As it stands, Nairn, Braunstein and Wilson will likely outlast Doan, who is nearing retirement, but could take a position with the franchise down the line. When asked to wager which of the four would win the race, Wilson chose an alternate approach.
“I think I’m the oldest so I probably ain’t gonna last the longest,” he said, laughing. “My guess is everybody’s going to keep going until they can’t anymore because we all love it.”
Sharks at Coyotes
When: 6 p.m., Saturday
Where: Gila River Arena, Glendale
TV: FOX Sports Arizona
Radio: Arizona Sports 98.7 FM
Records: Coyotes — 20-29-7. Sharks — 34-18-6.

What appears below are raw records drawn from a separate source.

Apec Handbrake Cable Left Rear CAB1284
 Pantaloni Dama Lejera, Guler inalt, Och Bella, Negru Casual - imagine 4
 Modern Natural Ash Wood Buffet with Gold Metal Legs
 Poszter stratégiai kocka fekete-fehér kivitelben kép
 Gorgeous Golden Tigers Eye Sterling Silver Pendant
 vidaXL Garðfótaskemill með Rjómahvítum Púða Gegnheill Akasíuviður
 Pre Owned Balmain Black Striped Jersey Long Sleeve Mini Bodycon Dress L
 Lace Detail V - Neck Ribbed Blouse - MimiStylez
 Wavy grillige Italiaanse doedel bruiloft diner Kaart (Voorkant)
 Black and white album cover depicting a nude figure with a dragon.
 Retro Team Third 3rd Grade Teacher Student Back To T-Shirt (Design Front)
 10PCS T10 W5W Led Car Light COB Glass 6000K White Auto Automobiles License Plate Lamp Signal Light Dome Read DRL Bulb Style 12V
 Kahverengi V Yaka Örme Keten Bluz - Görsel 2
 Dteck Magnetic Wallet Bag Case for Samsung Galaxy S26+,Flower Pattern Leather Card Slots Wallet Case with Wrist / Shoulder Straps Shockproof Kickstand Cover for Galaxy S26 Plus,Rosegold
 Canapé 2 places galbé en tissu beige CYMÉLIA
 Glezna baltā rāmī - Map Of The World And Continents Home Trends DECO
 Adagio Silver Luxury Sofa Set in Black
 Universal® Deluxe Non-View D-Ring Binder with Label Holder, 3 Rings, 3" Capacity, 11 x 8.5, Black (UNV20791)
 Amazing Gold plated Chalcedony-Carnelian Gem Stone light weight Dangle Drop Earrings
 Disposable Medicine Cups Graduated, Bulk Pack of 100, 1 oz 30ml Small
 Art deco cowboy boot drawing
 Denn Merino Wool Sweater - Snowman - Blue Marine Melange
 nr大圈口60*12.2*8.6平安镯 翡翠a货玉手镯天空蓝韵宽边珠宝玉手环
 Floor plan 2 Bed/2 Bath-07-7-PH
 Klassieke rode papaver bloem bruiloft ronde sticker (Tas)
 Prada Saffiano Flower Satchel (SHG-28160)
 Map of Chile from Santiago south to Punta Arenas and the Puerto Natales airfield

Season series: Coyotes lead, 3-0-1.
Injury report: Coyotes — G Louis Domingue (lower body) and LW Lawson Crouse (lower body) are day to day. Crouse has not been ruled out for Saturday’s game. Center Brad Richardson (broken right tibia and fibula) is on injured reserve. Sharks — RW Joonas Donskoi (upper body is likely out until after the bye week. D Dylan DeMelo (wrist) is on injured reserve.
Scouting the Sharks: San Jose leads the Pacific Division with 74 points but has won just three of its last nine (3-2-4). … San Jose’s power play is 22nd in the league at 16.85 percent. The only team in a postseason position with a lower percentage is Ottawa (24th, 16.76 percent). … G Martin Jones has started 49 of the team’s 58 games and has seen his save percentage in February dip to .882. … D Brent Burns leads the team with 25 goals and 61 points in 58 games.